◆ Data under study:
-=-=-

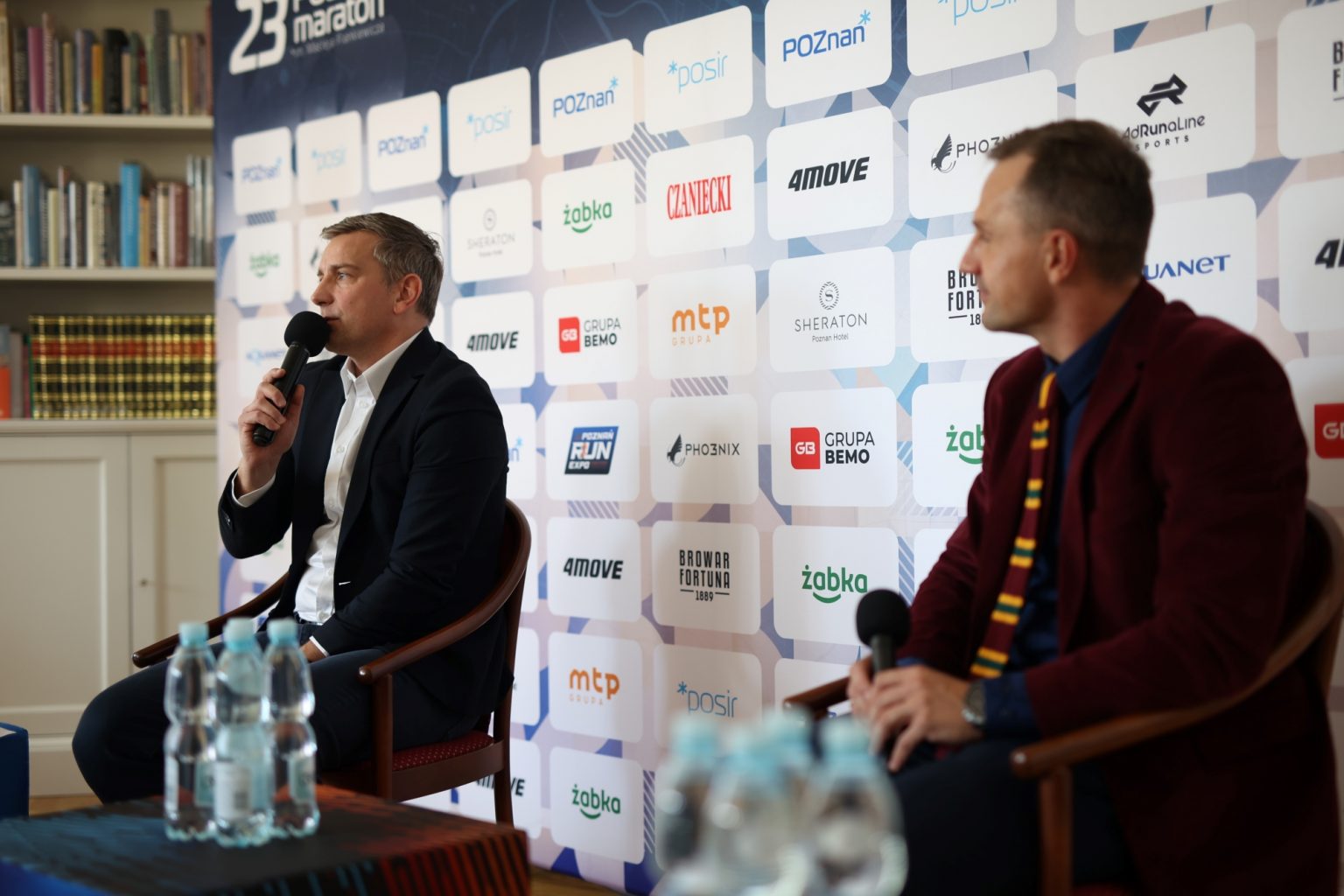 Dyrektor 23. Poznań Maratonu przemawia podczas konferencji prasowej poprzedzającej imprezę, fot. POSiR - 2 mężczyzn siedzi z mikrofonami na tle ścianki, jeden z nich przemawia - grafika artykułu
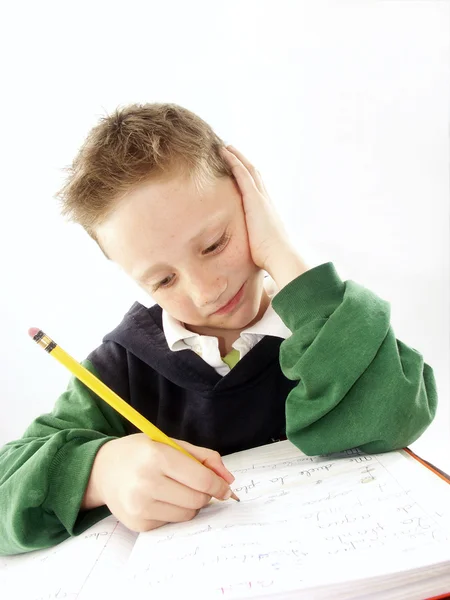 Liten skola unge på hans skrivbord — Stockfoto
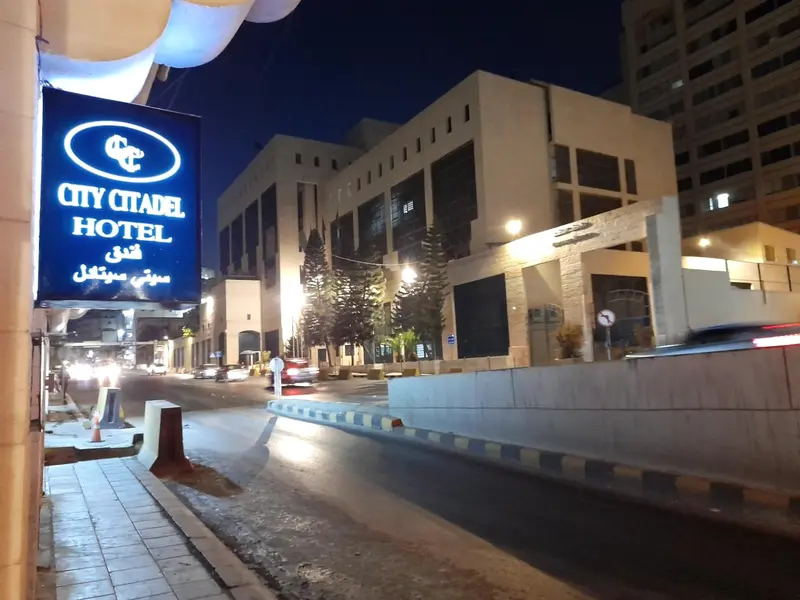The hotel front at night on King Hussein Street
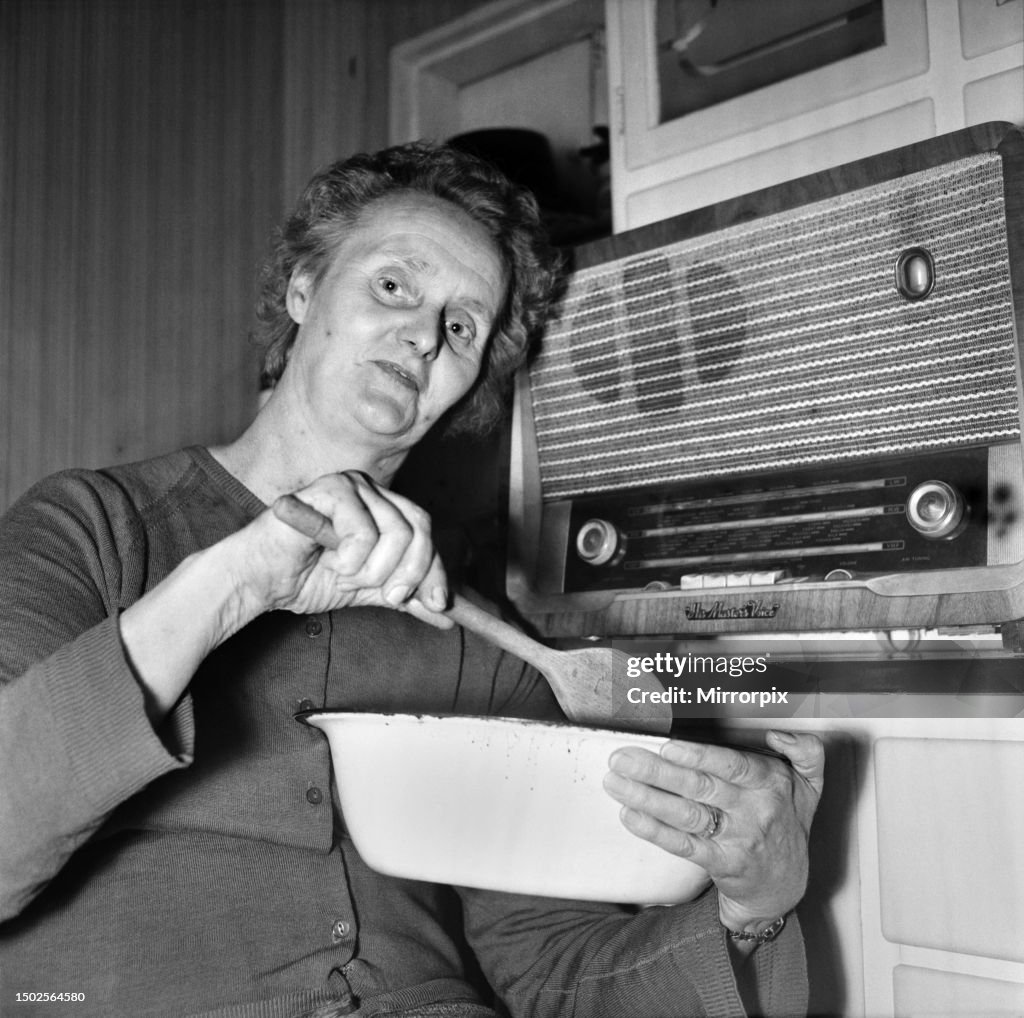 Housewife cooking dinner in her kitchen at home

-=-=-

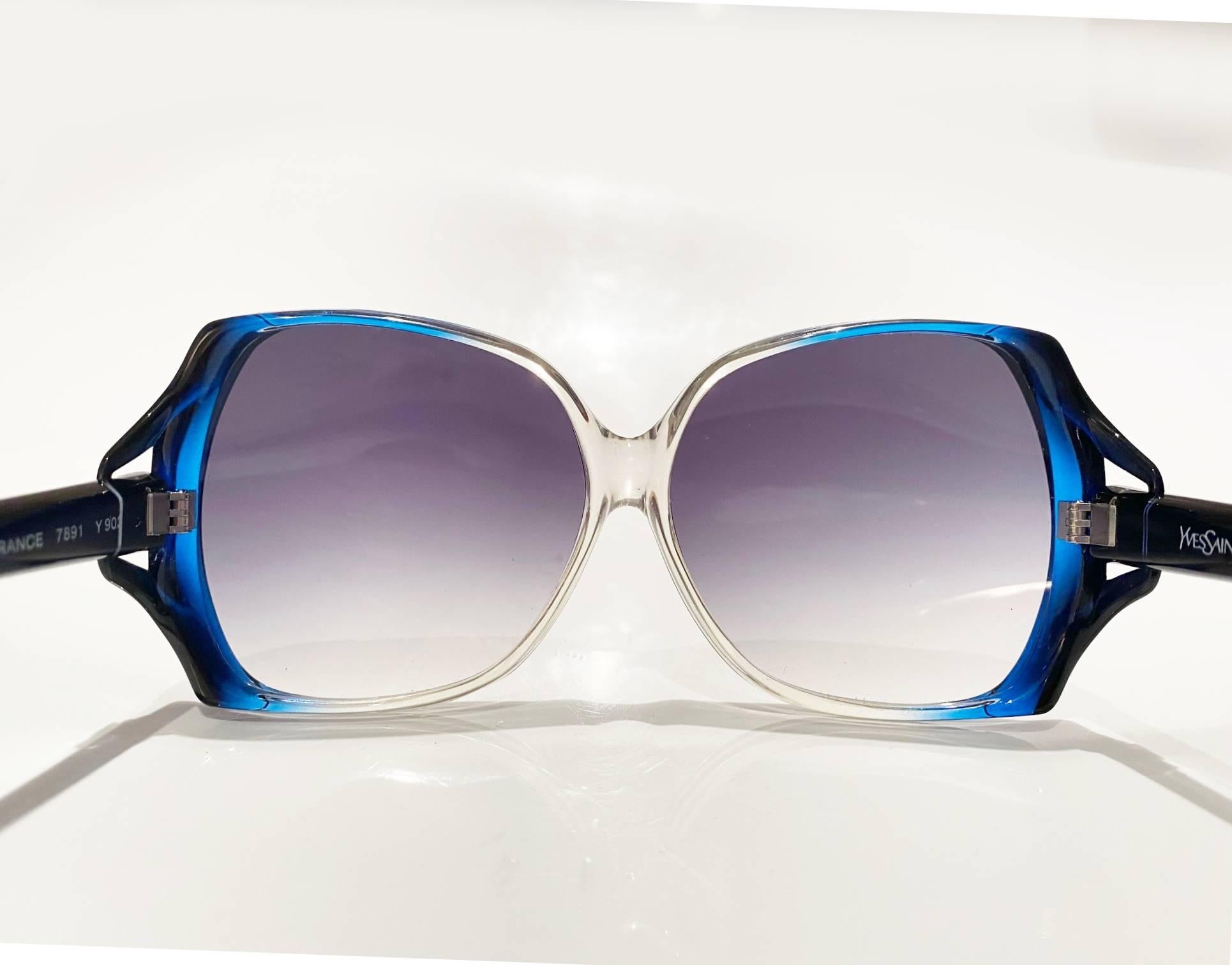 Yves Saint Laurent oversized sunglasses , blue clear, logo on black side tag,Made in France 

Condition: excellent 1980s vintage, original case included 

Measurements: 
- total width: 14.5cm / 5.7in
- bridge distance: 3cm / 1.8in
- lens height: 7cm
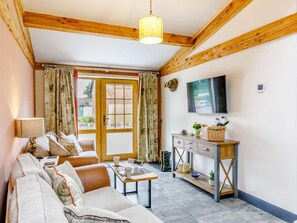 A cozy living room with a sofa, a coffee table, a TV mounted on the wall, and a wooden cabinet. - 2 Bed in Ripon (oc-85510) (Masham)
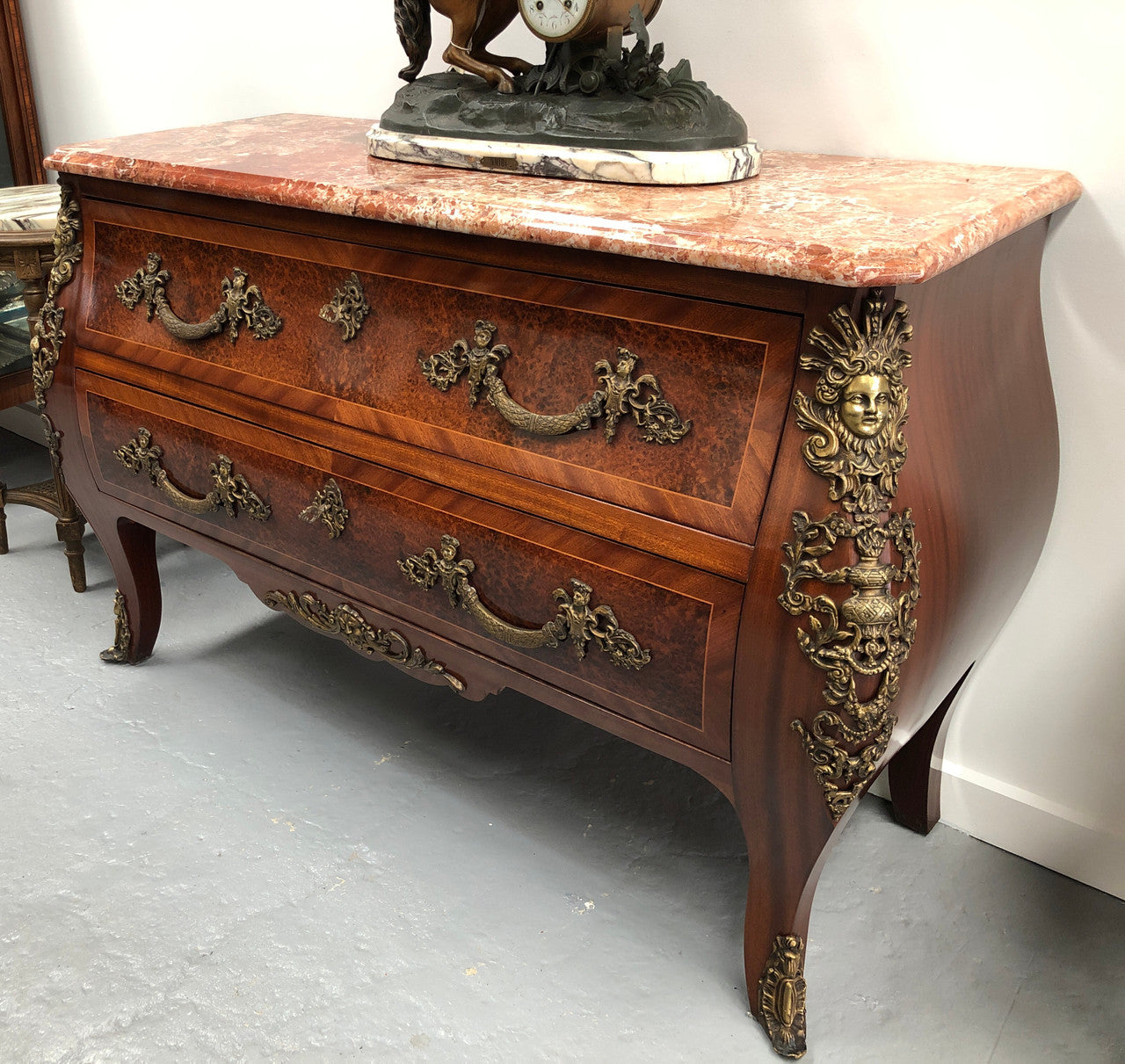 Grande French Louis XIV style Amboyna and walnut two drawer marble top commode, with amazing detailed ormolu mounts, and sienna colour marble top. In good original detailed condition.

-=-=-

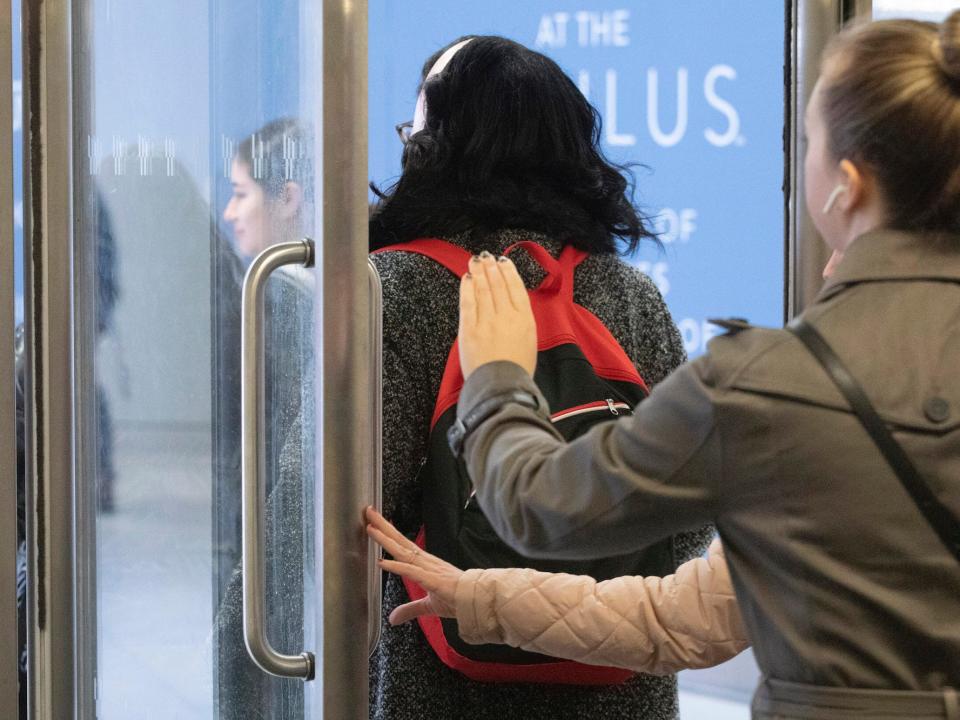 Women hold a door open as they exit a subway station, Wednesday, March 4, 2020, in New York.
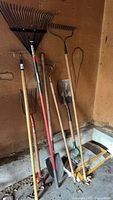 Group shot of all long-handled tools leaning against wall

-=-=-

◆ Directions for this task: When you reach the line with "- total width: 14.5cm / 5.7in" in the records above, start writing out each line exactly, and stop after the line with "Grande French Louis". Pictures stay out.

◆ Answer area:
- total width: 14.5cm / 5.7in
- bridge distance: 3cm / 1.8in
- lens height: 7cm
 A cozy living room with a sofa, a coffee table, a TV mounted on the wall, and a wooden cabinet. - 2 Bed in Ripon (oc-85510) (Masham)
 Grande French Louis XIV style Amboyna and walnut two drawer marble top commode, with amazing detailed ormolu mounts, and sienna colour marble top. In good original detailed condition.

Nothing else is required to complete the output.